It isn’t natively supported but theres some things you can do if need it.
A lot depends on how frequently this list is getting updated. For heavier
workloads I would recommend using a custom CF for this instead of collections.
If extreme inserts you would want to add additional partitioning to it as well.
As mentioned below Id recommend having a cleanup MR job to periodically clean
it up if the cost of TTLs possibly leading to 0 entries is too expensive.
Putting it in its own CF helps in that it removes the elements of the list from
polluting your users partition. If there gets to be a lot of
tombstones/inserts this could make reading the user bad (it would look like
queue which has horrible performance) so it will at least section off that
badness from the regular user lookups.
CREATE TABLE user_top_places (
user_id varchar,
created timeuuid,
place varchar,
PRIMARY KEY (user_id, created))
WITH CLUSTERING ORDER BY (created DESC);
then to add a new one to the front of the “list”
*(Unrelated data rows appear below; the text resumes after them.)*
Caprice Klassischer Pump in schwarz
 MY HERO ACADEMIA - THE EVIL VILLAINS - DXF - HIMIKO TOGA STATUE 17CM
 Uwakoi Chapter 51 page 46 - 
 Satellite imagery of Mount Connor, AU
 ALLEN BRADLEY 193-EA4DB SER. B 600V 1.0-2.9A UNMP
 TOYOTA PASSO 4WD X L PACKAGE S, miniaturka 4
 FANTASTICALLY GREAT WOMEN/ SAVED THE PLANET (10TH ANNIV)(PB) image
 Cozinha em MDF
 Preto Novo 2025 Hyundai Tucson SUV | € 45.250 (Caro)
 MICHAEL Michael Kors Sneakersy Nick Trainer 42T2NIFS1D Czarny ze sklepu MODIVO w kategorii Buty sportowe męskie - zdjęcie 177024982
INSERT INTO user_top_places (user_id, created, place) VALUES ('frodo', now(),
'mordor’);
and you can see the last 10 entries
SELECT * FROM user_top_places WHERE user_id = 'frodo' LIMIT 10;
This will give you the last 10 entries (allows duplicates though). Older
records will still be around though and disk space could eventually become a
problem for you. If it becomes bad I would recommend using a periodic job like
hadoop to remove excess columns (solely to save disk space). Although if can
afford the disk it would give better performance if just let it grow to a point
(providing rows don’t get too large, i.e. >64mb). If this isn’t very high in
writes there might be some more clever things you can do...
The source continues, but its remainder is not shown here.